Associated Equipment

Also on hand and in use during the Young DSD DAC review: Mytek Stereo192-DSD DAC

beaur's picture

Do the M2Tech drivers for Mac work with the Mavericks OS?

Michael Lavorgna's picture
The Young DSD is USB 2.0 compliant.
HOLBERG's picture

Nice review. I own the Young DSD and using Audirvana 1.5.12

You write that You have automatic detection of DSD in Audirvana. I don't.... I have to use the settings "DSD over PCM standard 1.0". Bit puzzled that You are having automatic detection as I don´t?

arunmozhi's picture

I am a big fan of Mytek, and i had my reservations about M2Tech's Young DSD - but my man or man - i find the Young such a superb dac in every aspect - the catch here is the Young almost always must be had with its optional power supply the Van De Graff which i think (the young+vdf) combo defeats the Mytek Stereo 192 hands down in terms of control,timbre and resolution - its like its almost a different machine without the power supply, for those concerned with their budget i'd still recommend the Mytek which is a decent buy and a keeper at that price - for now i am retaining both the DACS - I slightly prefer the Young DSD a little more because of its fantastic pairing with my tube amp (with 10db gain - without any distortion) ; perhaps i'll only sell my Mytek for its new up and coming Manhattan for my Main Rig which cost 4x more...well done M2Tech!!!

cristiannasia's picture

hi Michael, thanks for your reports. I'm actually hesitating between these 2 dac and would like to have your opinion on which to pick, considering that i have an AYRE AX7 and Apertura Armonia speakers. it seems that mytek is more neutral and detailed, while Young is more soft / forgiving.

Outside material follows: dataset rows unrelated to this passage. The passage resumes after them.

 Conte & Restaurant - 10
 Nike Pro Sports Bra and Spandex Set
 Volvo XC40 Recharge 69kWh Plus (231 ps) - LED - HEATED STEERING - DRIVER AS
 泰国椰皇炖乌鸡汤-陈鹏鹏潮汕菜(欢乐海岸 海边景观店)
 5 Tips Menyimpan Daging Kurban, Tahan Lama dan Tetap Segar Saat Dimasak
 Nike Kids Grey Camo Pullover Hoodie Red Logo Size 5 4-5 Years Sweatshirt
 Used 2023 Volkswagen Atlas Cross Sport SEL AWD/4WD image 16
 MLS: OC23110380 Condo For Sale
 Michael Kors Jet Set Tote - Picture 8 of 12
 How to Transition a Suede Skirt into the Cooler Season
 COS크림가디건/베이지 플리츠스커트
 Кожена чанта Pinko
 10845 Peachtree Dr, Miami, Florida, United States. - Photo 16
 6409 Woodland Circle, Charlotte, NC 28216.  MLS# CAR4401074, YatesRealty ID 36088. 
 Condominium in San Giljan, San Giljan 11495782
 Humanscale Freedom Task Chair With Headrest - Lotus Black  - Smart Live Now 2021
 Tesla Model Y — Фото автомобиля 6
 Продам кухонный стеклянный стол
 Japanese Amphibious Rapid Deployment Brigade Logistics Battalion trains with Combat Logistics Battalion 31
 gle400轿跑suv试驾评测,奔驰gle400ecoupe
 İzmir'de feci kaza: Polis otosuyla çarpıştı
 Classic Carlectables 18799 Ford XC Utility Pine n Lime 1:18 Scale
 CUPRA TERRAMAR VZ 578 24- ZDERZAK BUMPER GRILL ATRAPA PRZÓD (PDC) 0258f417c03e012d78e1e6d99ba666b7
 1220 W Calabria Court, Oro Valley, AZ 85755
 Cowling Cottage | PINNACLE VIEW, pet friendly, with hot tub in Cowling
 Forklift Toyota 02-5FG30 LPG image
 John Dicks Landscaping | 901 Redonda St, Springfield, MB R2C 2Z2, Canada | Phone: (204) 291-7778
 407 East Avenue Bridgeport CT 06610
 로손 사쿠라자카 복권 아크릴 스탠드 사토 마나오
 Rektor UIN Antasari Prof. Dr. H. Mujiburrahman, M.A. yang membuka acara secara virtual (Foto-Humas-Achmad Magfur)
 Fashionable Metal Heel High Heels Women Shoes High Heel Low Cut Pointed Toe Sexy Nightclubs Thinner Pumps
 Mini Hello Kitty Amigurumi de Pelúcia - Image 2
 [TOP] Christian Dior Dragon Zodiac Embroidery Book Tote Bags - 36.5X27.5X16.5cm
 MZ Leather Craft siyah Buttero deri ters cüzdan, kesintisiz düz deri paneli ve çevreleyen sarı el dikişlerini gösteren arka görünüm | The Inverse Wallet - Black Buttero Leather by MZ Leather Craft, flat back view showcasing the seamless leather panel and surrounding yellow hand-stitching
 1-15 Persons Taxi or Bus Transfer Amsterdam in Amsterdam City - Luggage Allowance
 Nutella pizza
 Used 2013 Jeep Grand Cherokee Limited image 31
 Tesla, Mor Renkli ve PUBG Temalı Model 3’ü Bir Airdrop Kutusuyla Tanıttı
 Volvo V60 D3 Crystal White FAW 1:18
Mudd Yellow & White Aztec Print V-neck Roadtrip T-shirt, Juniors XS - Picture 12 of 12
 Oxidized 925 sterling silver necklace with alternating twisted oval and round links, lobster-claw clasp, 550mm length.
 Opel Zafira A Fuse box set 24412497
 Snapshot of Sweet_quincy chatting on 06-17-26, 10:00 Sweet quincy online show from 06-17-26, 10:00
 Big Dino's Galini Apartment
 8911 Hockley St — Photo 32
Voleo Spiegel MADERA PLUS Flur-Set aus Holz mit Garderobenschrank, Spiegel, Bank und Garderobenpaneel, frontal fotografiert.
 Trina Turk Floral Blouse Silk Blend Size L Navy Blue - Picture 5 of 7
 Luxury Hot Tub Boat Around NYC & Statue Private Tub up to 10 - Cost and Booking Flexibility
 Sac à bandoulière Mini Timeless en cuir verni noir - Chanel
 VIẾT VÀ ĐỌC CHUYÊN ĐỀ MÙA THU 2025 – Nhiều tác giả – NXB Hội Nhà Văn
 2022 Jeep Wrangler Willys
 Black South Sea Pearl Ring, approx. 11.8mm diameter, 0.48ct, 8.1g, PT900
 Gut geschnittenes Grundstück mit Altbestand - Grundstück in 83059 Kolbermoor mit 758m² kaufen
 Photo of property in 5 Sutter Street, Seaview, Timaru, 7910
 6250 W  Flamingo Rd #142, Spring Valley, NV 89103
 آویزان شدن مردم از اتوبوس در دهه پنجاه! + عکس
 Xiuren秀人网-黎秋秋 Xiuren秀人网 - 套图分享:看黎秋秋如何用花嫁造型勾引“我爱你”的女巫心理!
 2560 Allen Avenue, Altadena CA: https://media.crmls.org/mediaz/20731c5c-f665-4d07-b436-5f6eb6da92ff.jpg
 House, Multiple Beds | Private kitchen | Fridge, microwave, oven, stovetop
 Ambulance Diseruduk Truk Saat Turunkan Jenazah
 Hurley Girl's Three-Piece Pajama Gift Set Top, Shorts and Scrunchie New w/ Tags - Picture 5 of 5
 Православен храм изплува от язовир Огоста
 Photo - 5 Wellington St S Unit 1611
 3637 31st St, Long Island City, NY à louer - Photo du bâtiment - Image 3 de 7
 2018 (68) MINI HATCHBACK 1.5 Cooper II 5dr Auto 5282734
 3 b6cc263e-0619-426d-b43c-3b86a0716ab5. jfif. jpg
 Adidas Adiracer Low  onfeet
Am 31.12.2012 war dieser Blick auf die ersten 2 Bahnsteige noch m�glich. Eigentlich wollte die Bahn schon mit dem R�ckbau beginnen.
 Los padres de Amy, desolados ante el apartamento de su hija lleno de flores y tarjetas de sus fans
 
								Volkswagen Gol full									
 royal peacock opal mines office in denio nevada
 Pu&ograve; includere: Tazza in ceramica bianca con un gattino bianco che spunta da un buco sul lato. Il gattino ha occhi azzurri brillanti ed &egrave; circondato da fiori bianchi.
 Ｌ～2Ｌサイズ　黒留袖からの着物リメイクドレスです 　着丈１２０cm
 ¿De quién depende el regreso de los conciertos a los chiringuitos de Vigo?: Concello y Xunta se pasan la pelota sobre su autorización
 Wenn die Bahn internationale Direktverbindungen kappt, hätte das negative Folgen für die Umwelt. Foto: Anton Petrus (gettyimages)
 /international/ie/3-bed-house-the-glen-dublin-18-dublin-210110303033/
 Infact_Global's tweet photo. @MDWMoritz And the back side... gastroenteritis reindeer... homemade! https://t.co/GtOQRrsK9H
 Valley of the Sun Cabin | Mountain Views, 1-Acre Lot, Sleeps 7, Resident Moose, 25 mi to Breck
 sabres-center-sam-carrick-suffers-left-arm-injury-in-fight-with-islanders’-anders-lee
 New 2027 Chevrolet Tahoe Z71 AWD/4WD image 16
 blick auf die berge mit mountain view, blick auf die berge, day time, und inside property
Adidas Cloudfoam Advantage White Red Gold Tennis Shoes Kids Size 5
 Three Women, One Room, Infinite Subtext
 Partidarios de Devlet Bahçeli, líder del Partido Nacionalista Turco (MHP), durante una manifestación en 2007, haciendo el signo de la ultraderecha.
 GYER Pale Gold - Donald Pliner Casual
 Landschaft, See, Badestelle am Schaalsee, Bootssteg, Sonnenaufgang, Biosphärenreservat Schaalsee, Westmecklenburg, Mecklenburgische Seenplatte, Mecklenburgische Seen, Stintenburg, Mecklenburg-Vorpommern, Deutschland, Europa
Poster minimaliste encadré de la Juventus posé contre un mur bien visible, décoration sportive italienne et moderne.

I love space 3d and details so i was thinking to favor the mytek. what do you think?
Thanks you for taking the time!


Michael Lavorgna's picture
I agree with your assessment - the Mytek sounds like a good choice for your preferences.


Hatisse's picture

I'm a beginner in this area and I was wondering, since I happen to have one at home, if this DAC could be used as an audio interface connecting midi controlled etc. to my computer?

evan's picture

how would m2tech's young sound in relation to teac 501?
Both have Burr-Brown PCM1795, so in what way would they sound different?

did you have the chance to hear both of them with focal solo 6be or with the adams A3's? what were the differences?